If you have any questions that you'd like added to this FAQ, please email your suggestions to kiniry@acm.org. Thanks!

1. What is OBJ3?

   From the OBJ3 release:

   "OBJ" refers to the language family, while "OBJ2", "OBJ3", "CafeOBJ", "BOBJ" etc. refer to particular members. The OBJ languages are broad spectrum algebraic programming and specification languages, based on order sorted equational logic, generally enriched with some other logic, such as rewriting logic or hidden equational logic.

   All the OBJ languages are rigorously based upon a logical system; more precisely, they are logical languages, in the sense that their programs are sets of sentences in some logical system, and their operational semantics is given by deduction in that logical system. All recent OBJ languages use order sorted algebra, which also provides a rigorous basis for user definable sub-types, exception handling, multiple inheritance, overloading, multiple representations, coercions, and more. All recent OBJ languages provide parameterized programming, with parameterized modules, module instantiation, views, module expressions, etc., to support very flexible program structuring and reuse. In general, they also support user definable mixfix syntax, user definable execution strategies, rewriting modulo standard equational theories (associative, commutative, etc.), and selective memoization.

   OBJ3 is based on order sorted equational logic, and has been successfully used for research and teaching in software design and specification, rapid prototyping, theorem proving, user interface design, and hardware verification, among other things. It was the first language to implement parameterized programming and its module system influenced the designs of the Ada, C++ and ML module systems.

2. Where did the name "OBJ3" come from?

   OBJ3 is the third of a series of implementations of the same basic ideas; "OBJ" is not an acronym, but rather is a contraction from "object," since the intent from the beginning was to capture the ideas that later turned out, by some strange coincidence, to be called "object oriented."

3. What is the OBJ3 license like?

   OBJ3 was originally distributed from SRI International, and later from Oxford, and then UCSD. Originally a license from SRI was required to obtain the OBJ3 source code, but this is no longer the case.
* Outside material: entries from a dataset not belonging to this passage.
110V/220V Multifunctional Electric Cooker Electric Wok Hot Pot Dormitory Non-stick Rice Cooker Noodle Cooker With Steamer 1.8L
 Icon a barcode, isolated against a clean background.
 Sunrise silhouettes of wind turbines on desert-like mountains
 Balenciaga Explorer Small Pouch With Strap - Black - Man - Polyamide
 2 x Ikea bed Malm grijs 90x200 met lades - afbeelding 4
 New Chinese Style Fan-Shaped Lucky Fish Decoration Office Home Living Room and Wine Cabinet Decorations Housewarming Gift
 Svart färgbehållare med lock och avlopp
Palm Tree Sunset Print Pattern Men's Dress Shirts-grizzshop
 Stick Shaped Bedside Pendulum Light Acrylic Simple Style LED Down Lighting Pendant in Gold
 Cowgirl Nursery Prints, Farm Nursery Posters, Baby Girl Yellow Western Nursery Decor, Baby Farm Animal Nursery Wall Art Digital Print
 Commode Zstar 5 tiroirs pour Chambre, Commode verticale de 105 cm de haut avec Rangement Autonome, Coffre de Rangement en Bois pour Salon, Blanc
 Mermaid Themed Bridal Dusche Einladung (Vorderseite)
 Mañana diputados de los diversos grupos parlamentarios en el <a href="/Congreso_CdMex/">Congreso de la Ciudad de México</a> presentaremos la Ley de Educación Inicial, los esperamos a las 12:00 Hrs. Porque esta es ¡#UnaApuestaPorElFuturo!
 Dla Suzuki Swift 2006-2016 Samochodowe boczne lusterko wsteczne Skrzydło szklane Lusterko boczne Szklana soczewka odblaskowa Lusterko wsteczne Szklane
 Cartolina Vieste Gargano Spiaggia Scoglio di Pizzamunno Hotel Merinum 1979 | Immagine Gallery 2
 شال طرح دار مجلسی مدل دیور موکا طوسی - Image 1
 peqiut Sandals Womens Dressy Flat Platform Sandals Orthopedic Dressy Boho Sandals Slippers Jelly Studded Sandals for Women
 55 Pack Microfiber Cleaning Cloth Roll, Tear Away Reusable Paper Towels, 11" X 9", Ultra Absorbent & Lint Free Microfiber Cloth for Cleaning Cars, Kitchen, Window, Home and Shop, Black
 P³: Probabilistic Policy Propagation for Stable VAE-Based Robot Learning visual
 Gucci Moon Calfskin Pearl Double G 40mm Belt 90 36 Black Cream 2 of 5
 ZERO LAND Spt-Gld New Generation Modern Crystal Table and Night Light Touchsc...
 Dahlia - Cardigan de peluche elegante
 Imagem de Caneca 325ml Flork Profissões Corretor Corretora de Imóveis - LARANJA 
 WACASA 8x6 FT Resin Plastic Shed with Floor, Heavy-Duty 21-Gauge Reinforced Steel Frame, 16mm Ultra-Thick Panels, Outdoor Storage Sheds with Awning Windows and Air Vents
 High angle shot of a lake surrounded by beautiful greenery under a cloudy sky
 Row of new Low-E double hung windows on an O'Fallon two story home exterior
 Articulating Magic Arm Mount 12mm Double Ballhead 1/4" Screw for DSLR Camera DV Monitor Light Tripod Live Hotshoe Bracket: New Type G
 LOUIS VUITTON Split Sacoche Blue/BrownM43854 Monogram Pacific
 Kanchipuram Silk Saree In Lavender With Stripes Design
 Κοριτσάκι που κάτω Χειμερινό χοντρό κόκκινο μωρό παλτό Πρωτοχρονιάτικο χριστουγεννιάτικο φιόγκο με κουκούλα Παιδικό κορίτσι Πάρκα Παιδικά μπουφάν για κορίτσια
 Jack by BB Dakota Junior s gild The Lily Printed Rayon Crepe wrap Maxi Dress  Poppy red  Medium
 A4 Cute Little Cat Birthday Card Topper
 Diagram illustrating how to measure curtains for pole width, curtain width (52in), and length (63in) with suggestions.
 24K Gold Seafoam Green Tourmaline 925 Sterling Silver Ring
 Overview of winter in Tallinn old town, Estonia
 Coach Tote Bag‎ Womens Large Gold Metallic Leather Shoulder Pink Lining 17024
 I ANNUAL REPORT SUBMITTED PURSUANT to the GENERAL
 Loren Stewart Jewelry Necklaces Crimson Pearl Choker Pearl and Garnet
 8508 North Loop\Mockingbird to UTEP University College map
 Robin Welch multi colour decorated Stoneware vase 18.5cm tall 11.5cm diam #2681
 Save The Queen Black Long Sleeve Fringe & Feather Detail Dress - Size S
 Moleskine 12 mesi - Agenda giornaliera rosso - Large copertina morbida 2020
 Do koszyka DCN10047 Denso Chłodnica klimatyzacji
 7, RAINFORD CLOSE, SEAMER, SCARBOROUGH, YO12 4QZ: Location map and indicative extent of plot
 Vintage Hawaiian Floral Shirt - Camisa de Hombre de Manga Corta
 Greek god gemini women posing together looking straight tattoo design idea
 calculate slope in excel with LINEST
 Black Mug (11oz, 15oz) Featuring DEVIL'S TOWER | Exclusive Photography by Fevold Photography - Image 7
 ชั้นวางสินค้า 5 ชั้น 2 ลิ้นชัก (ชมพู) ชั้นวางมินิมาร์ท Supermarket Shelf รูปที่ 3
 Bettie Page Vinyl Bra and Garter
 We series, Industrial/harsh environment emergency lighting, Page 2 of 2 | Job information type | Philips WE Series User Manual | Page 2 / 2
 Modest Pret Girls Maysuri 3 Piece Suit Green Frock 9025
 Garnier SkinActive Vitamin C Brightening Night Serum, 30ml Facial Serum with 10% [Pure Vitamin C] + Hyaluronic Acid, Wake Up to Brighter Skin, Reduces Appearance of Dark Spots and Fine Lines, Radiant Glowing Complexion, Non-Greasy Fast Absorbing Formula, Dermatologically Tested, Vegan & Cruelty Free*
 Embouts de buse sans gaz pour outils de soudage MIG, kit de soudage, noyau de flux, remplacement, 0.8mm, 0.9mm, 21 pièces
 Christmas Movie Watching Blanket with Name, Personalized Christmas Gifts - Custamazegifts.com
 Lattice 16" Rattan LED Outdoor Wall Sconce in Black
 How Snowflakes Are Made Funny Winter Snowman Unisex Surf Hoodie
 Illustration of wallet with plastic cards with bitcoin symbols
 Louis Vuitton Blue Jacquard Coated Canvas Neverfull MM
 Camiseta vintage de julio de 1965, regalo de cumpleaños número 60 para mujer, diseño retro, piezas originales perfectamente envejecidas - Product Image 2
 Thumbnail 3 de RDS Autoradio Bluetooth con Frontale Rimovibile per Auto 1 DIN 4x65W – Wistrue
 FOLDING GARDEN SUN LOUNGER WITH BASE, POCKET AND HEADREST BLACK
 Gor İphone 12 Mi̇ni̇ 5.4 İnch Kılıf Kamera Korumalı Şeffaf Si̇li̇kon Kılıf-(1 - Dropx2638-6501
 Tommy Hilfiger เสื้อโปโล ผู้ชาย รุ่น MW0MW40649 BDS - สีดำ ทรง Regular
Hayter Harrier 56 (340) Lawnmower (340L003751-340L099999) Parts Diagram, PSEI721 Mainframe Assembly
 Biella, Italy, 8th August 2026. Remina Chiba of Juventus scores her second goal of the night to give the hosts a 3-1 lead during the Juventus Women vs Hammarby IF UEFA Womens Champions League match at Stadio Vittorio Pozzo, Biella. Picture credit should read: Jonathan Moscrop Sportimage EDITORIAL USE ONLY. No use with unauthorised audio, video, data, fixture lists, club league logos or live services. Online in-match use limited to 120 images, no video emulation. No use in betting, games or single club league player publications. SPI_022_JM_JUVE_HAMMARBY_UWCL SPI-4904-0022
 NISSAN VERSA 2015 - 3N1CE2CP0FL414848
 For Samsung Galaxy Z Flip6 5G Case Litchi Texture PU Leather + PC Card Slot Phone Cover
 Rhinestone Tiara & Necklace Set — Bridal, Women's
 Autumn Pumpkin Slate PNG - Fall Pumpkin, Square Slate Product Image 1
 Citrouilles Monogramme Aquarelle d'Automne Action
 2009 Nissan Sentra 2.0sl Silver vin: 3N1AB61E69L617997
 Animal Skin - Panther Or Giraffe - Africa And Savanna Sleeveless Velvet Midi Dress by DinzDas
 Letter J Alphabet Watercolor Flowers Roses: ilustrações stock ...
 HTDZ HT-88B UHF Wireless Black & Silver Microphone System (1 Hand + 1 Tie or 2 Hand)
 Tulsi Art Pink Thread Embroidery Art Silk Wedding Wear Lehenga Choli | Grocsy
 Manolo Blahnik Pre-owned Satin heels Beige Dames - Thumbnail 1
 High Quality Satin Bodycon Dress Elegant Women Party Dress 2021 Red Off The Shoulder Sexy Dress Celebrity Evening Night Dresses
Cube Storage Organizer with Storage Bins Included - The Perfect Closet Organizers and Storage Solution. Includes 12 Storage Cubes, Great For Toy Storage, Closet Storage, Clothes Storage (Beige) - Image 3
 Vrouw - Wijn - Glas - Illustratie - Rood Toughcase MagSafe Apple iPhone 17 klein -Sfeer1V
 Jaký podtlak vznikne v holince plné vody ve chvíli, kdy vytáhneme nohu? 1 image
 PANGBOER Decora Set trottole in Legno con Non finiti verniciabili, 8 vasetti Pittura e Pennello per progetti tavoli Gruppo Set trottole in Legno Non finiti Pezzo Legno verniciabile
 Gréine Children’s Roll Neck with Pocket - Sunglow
This new version of OBJ3 (2.06 onward) is released under a BSD-like license.

4. What is the history of OBJ3?

   The first implementation of initial algebra semantics via term rewriting appeared in the earliest versions of OBJ, from the mid 1970s. The characteristic OBJ syntax first appeared in the paper Abstract Errors for Abstract Data Type, by Joseph Goguen in 1977. The idea of using term rewriting to implement initial algebra semantics evolved out of work done in the ADJ group in the early 1970s. The OBJ module system ideas are a further development of ideas pioneered in the Clear language, in joint work of Joseph Goguen and Rod Burstall in the 1970s. Most of the programming for OBJ3 was done by Timothy Winkler, first at SRI International, and then later at Oxford; several small enhancements and some bug fixes were later done by students at Oxford and UCSD, the last of which appear in version 2.04. Then, Joe Kiniry stepped in and created a modern open source release, which began with version 2.05. Lutz Hamel graciously integrated his TRIM system, resulting in version 2.08.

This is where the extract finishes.